Image-text web data
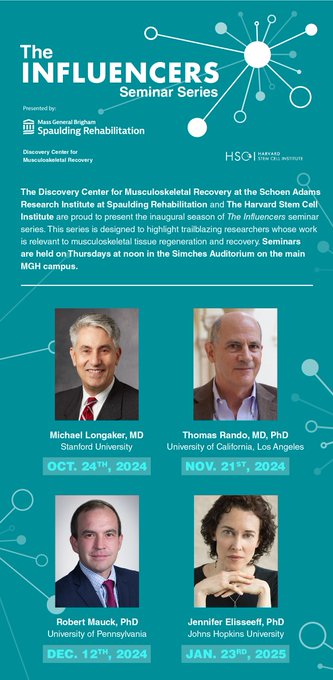 Discovery Center for Musculoskeletal Recovery (@spauldingmsk) on Twitter photo 2 MONTHS AWAY - The Influencers Seminar Series inaugural seminar featuring Dr. Michael Longaker <a href="/Stanford/">Stanford University</a> will be held OCT 24th on the MGH main campus. Learn more about this series and our lineup of speakers by registering here: forms.gle/aT8po8UvdP7dgg… 2 MONTHS AWAY - The Influencers Seminar Series inaugural seminar featuring Dr. Michael Longaker <a href="/Stanford/">Stanford University</a> will be held OCT 24th on the MGH main campus. Learn more about this series and our lineup of speakers by registering here: forms.gle/aT8po8UvdP7dgg…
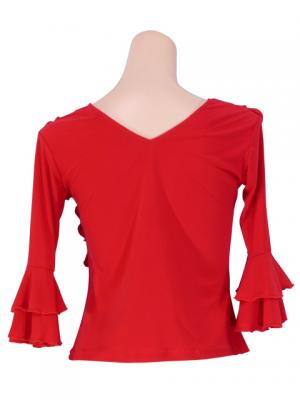 Flamenco Red Cross Over Blouse with Flounces and Ruffles/ Red / G98r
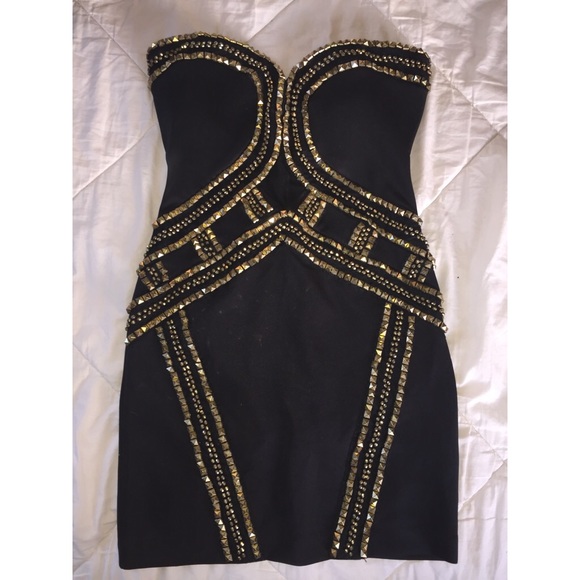 Studded bebe Bodycon Dress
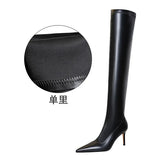 Zingj Fashion Simple Thin Heel High Heel Pointed Winter Sexy Nightclub Show Slender Over The Knee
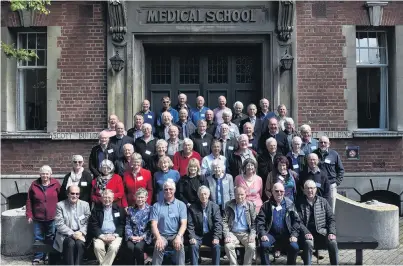  ?? PHOTOS: PETER MCINTOSH/SUPPLIED ?? Now and then . . . The Dunedin School of Medicine seniors of 1965 recreate their class photograph 53 years on.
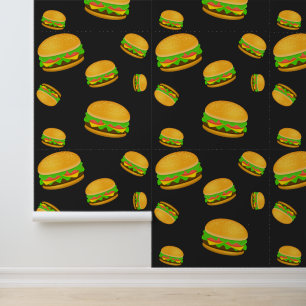 Kühle und lustige leckere Burger Muster dunkelgrau Tapete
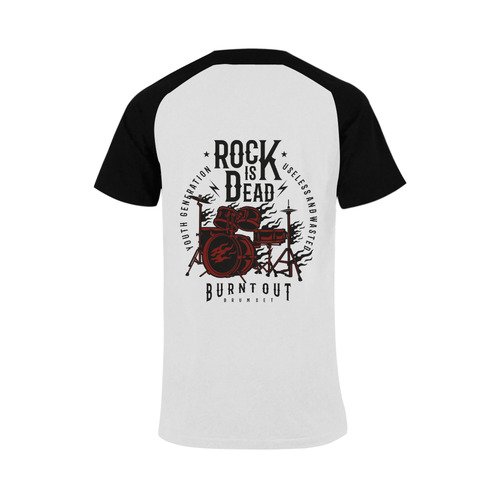 Rock Is Dead Black Men's Raglan T-shirt Big Size (USA Size) (Model T11)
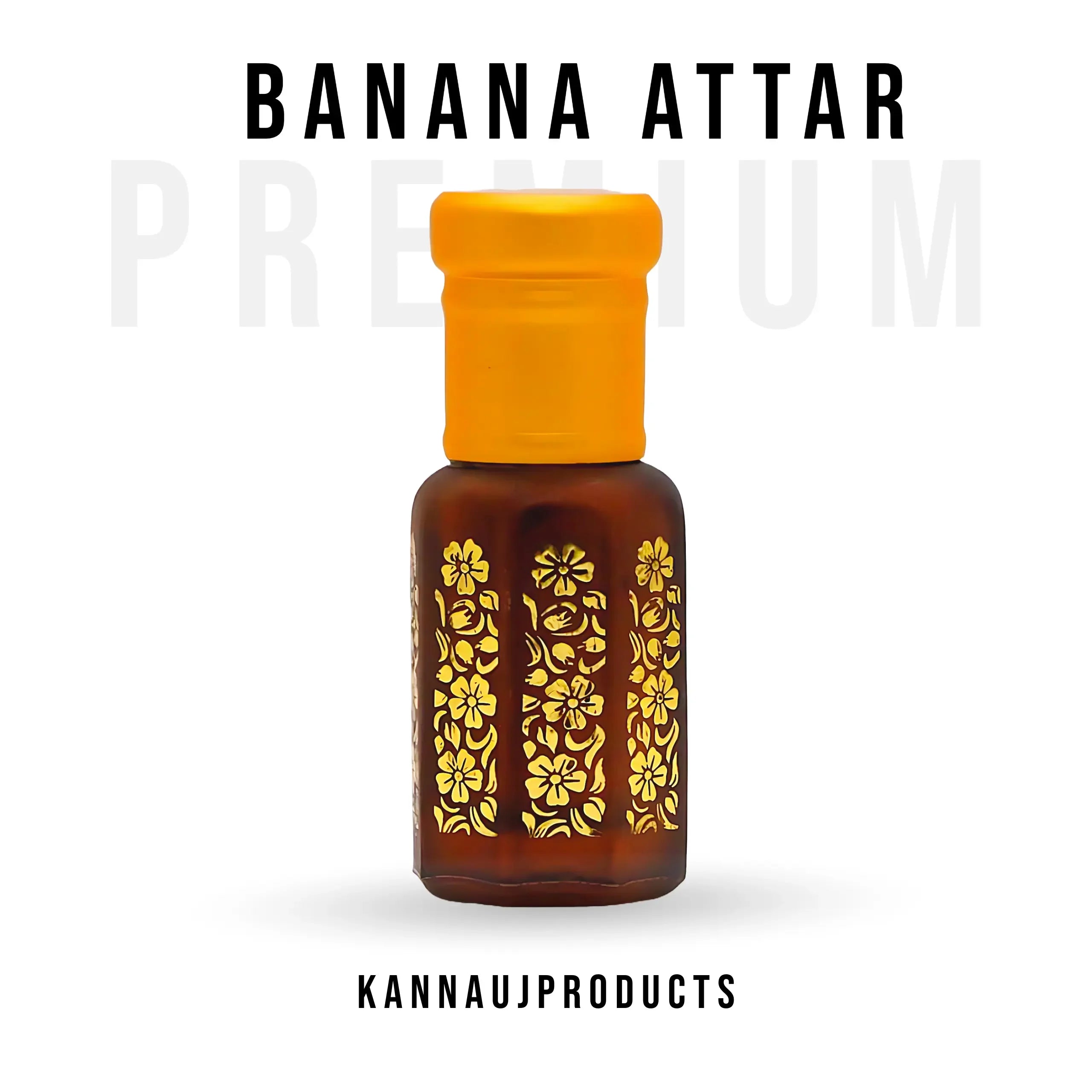 Kannauj products Banana Attar bottle with natural banana fragrance oil and decorative floral design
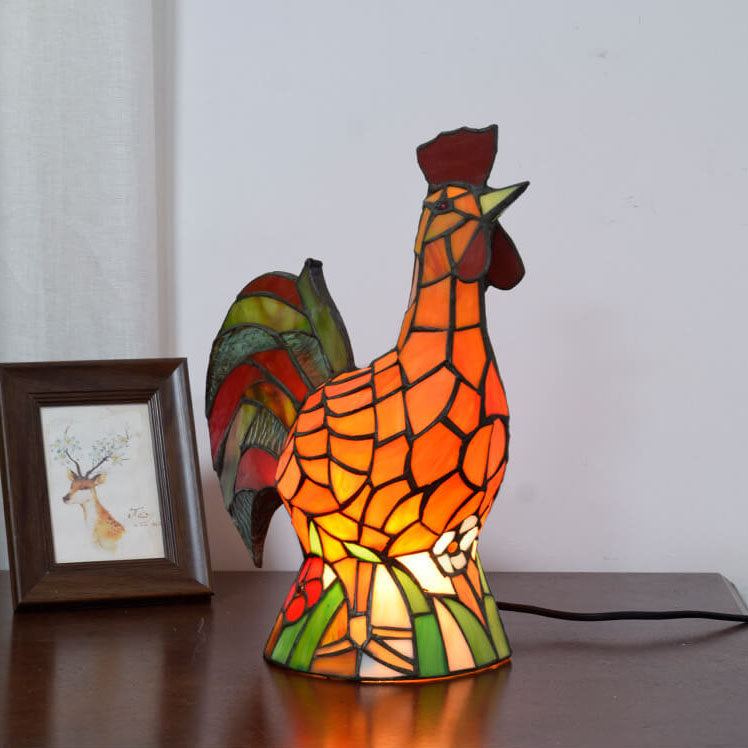 Tiffany Rustic Rooster Stained Glass 1-Light Night Light Table Lamp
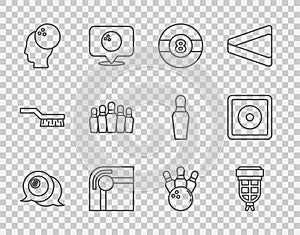 Set line Billiard ball, pocket, table, Bowling, pin, and and chalk icon. Vector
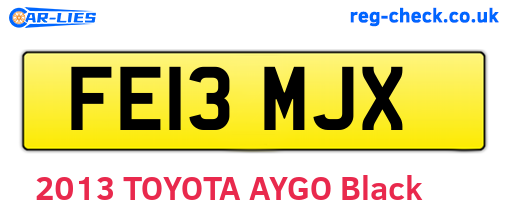 FE13MJX are the vehicle registration plates.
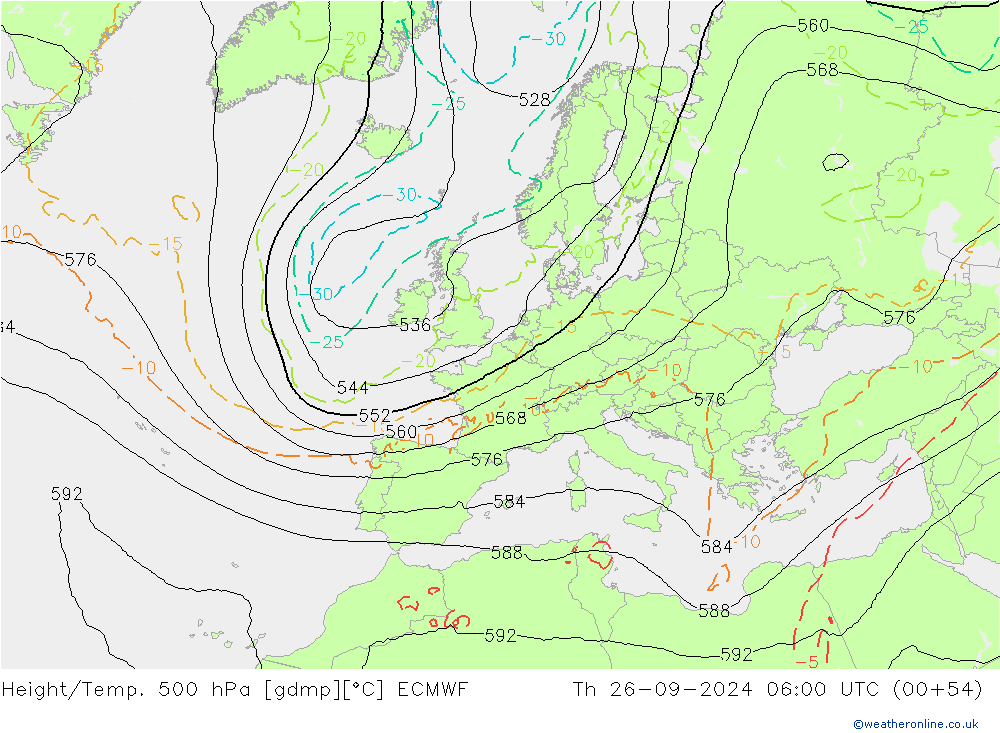 Z500/Rain (+SLP)/Z850 ECMWF Do 26.09.2024 06 UTC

EXERCISE |
Verbatim, write out the line containing "Set line Billiard" and all later lines through the end of the records, leaving every picture out.

OUTPUT FOR THIS TASK |
 Set line Billiard ball, pocket, table, Bowling, pin, and and chalk icon. Vector
 FE13MJX are the vehicle registration plates.
 Z500/Rain (+SLP)/Z850 ECMWF Do 26.09.2024 06 UTC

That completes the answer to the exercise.